Here’s the thing about pregnancy, you crave all sorts of food and things taste ridiculously odd or fantastic at random and it really gets you looking for new foods (whether you know it or not) to satisfy all sorts of cravings you didn’t know you had! It means that I have been thinking about food non-stop, even more so than when I’m not pregnant. Lately I have been working on recipes that I have made and have had issues with and looking for ways to improve upon them.
Over the Diamond Jubilee bank holiday “weekend” my husband and I planned out meals for a week and went shopping for them so we wouldn’t forget to go to the store if it closed for a few days for the occasion and I decided to give the Spanglish sandwich another shot. But with some modifications.
First, I was going to make peppery, maple caramelized bacon.
Second, the tomatoes needed to be marinated in a fantastic vinaigrette!
Thirdly, I needed to find a cheese that has some stand-out flavor that would stand-up to all the rest of the ingredients.
With these changes, I was certain the sandwich would have much more pronounced flavors and just make it outta this world! Just without the ice cold beer – for now anyways!
I was right!
It is a bit more intensive to make this sandwich because it is partially hot (fried egg) and takes a couple more steps to get relatively easy to cook ingredients to become flavored in a way that would just take this sandwich to another level, it is certainly worth your while!
You can watch Thomas Keller and Adam Sandler make the sandwich here …. the recipe, with my modifications, follow!
If you have never seen the movie, you should! Tea Leoni is just great in it, you have to love AND hate her and it’s refreshing to see Adam Sandler in a fairly uncharacteristically serious role in a comedy! But in the meantime? Enjoy making this sandwich! It’s perfect for a hot summer evening with an ice cold beer, one of the only meals that I will drink a beer with!
Ingredients: makes 2 sandwiches, adapted from Thomas Keller
- 4 slices of bacon
- 1/2 C maple syrup
- 1 tsp (or more to taste) dijon mustard
- salt & pepper, to taste
- 4 slices of Monterey Jack cheese or other cheese with pronounced flavor (we used a smoked cheddar)
- 4 slices of toasted rustic country loaf (pain de campagne)
- 1 TBS mayonnaise
- 4 sliecs of tomato
- 1 TBS apple cider vineagar
- 1 TBS dijon mustard
- 3 TBS olive oil
- 2 leaves of butter lettuce (or round lettuce, as its referred to in the UK)
- 2 eggs
Pre-heat the oven to 350F. Lay the bacon on a cooling rack set on top of a foil-lined baking sheet so that the slices aren’t touching each other. In a small bowl, whisk together the maple syrup and dijon mustard until emulsified, adding salt and pepper to taste. Brush the tops of the bacon slices generously with this maple syrup mix. Bake for 10-12 minutes, then remove, brush the other side even more generously with the maple syrup mixture and pop back in the oven for another 8-10 minutes until each slice is crispy or to your liking. Remove from the oven and let cool a bit while you prepare the rest of the sandwich.

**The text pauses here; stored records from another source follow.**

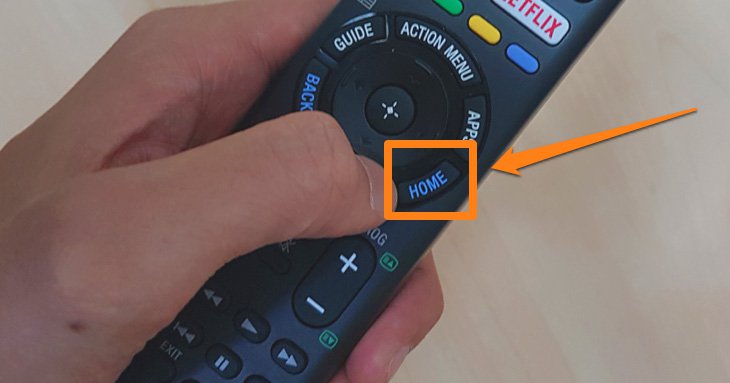 Bấm nút Home trên remote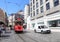 ISTANBUL, TURKEY - JUNE 7, 2019: Retro red tram Taksim-Tunel on Istiklal street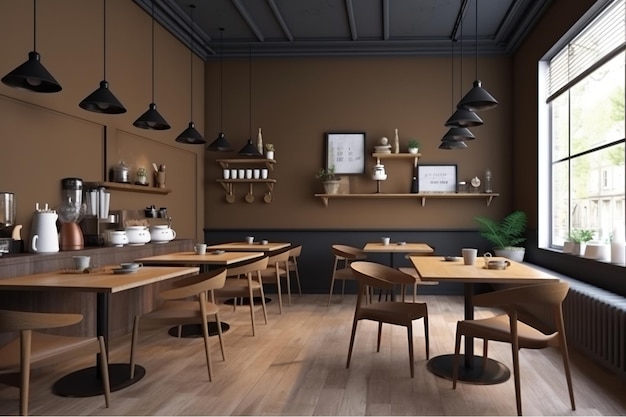 Un ristorante con una parete marrone e un'insegna nera con su scritto "caffè".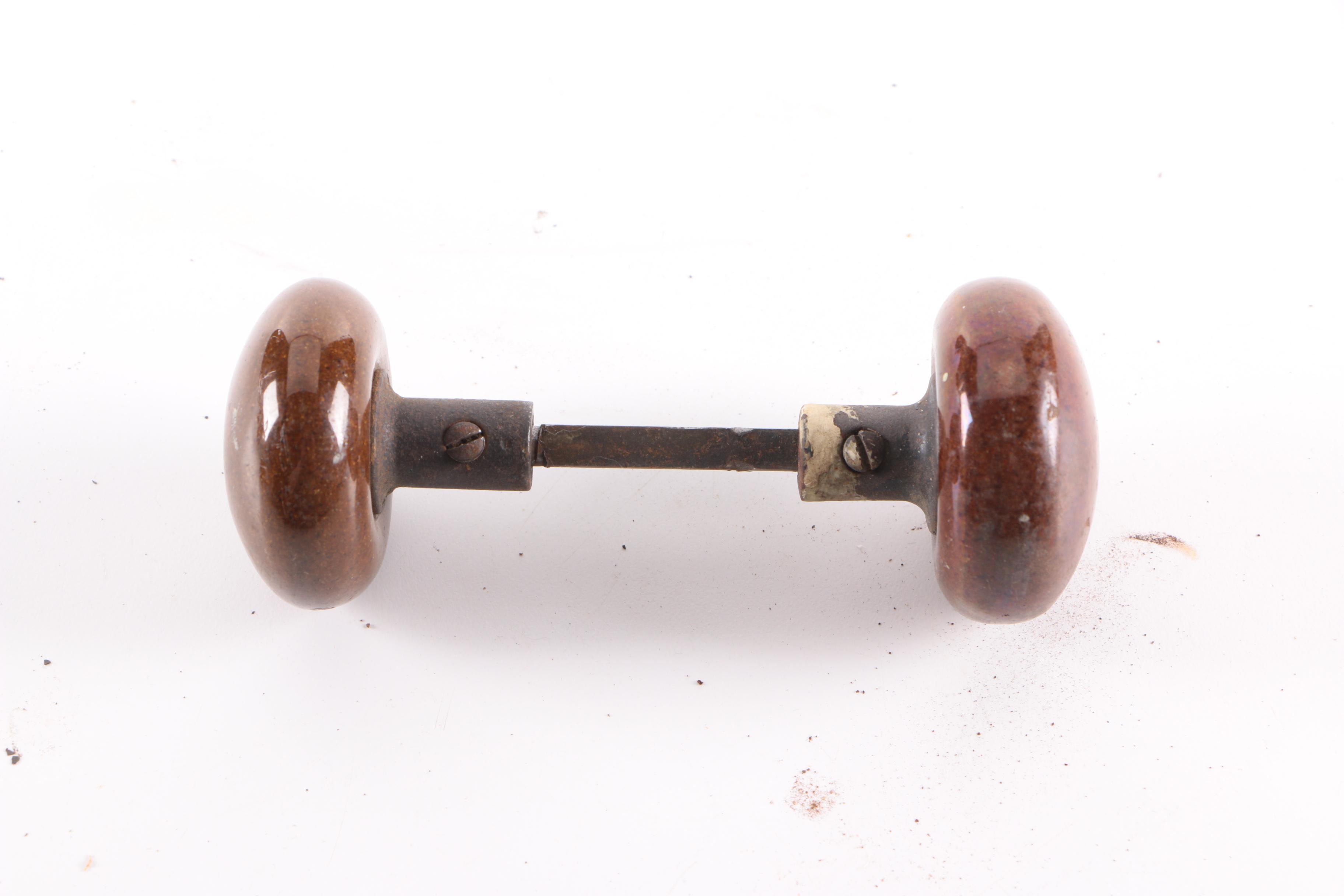 Antique Bennington-Style Porcelain Door Knobs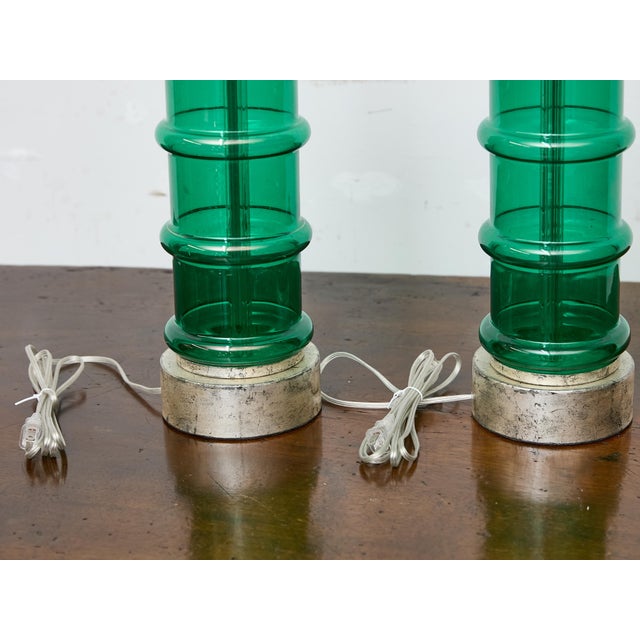 Mid 20th Century Mid 20th Century Italian Midcentury Ribbed Green Glass Lamps with Silver Bases - Pair For Sale - Image 5 of 9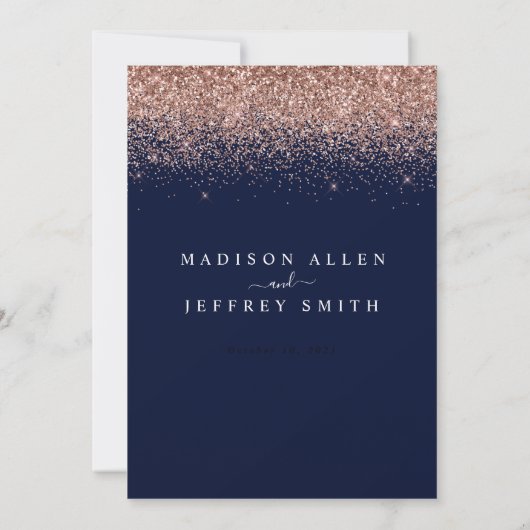 Navy Blue en Roos Gold Glitter Wedding Invitation Aankondiging (Achterkant)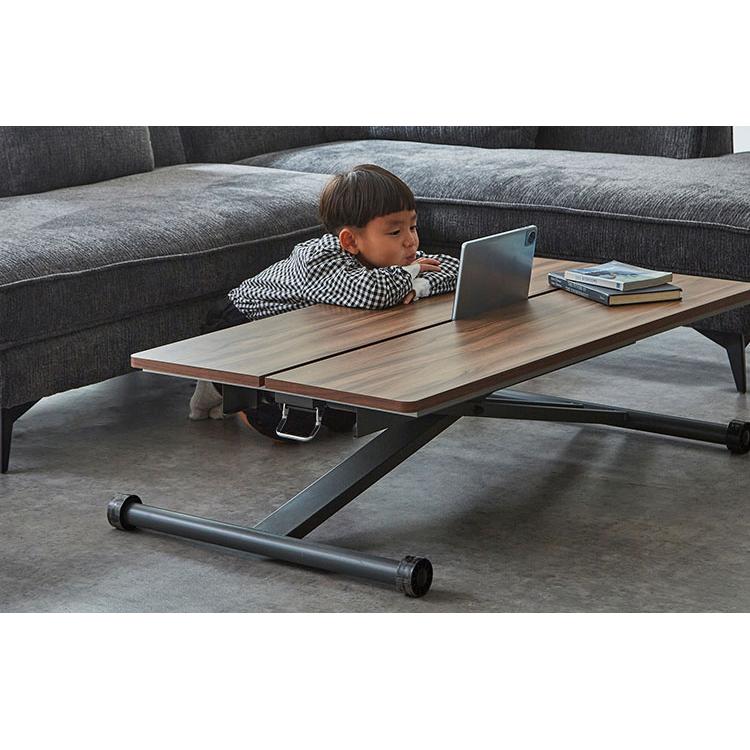 リフトテーブル 昇降式テーブル 幅120cm メラミン天板 高さ調節 ロー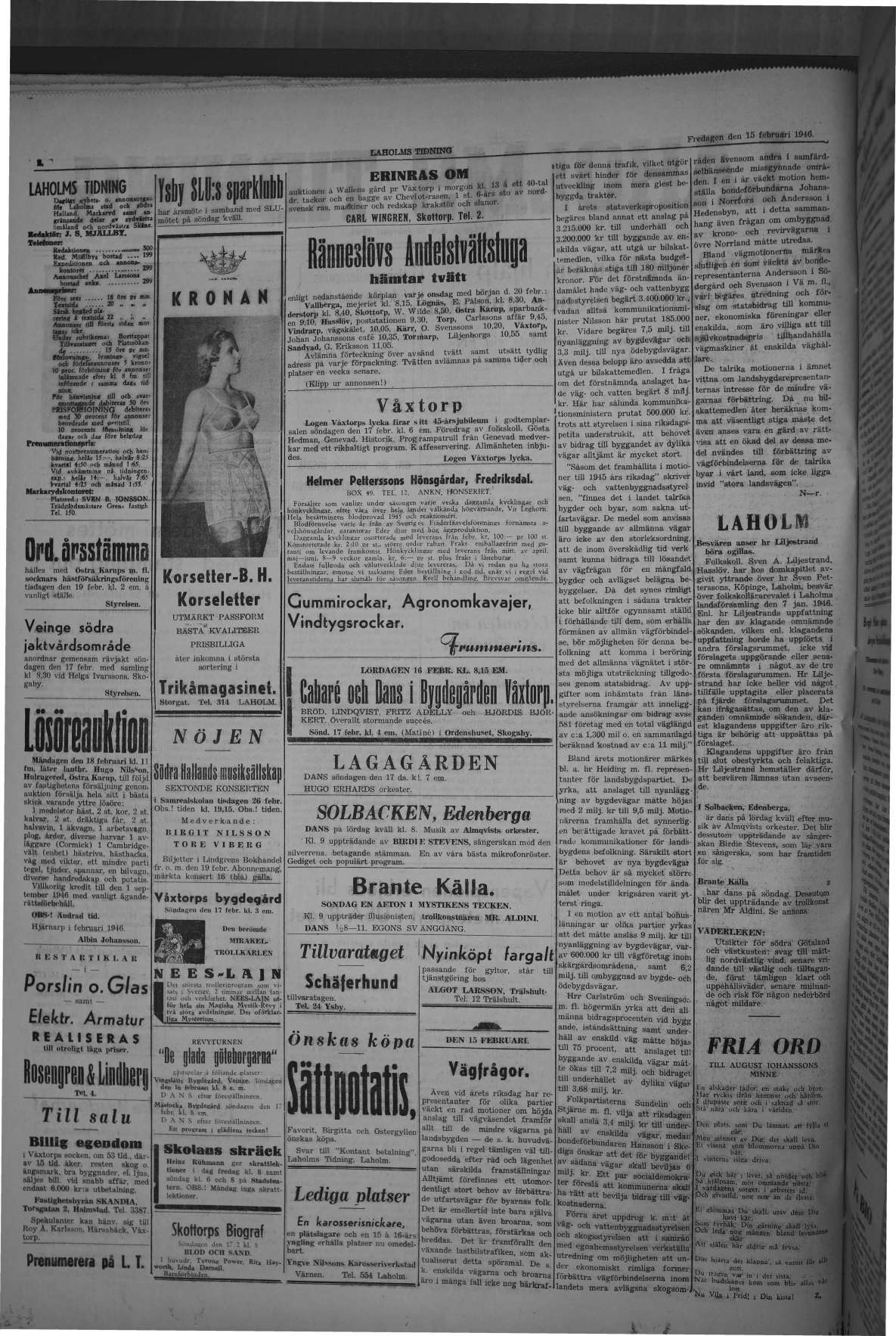 Laholms Tidning Fredag 15 februari 1946, sida 2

Turn the oven’s broiler on. Places the slices of cheese on one side of the toasted bread. Place the bread in the oven under the broiler to melt it until it is oozing, bubbly and develops little golden patches all over.
Spread mayo on the other slice of bread, topping it with the bacon and lettuce.
In a small bowl, whisk together the vinegar, mustard and olive oil – seasoning with salt and pepper to taste, until emulsified. Slip your tomato slices into the vinaigrette, tossing to coat then put the whole thing in the fridge to chill, or use as is after letting it sit a bit so the tomatoes can soak up all that the vinaigrette has to offer. Once you are happy with the tomatoes, shake off a bit and stack on top of the slice of bread with the bacon.
On a non-stick skillet, melt 2 TBS butter over medium heat. Fry the egg, turning over briefly when the bottom is set, but keeping the yolk runny.
Slide the finished egg on top fo the lettuce, top with the other slice of bread (cheese-side down now folks) and place the sandwich on a plate, slicing it in half so that the yolk runs down the sandwich.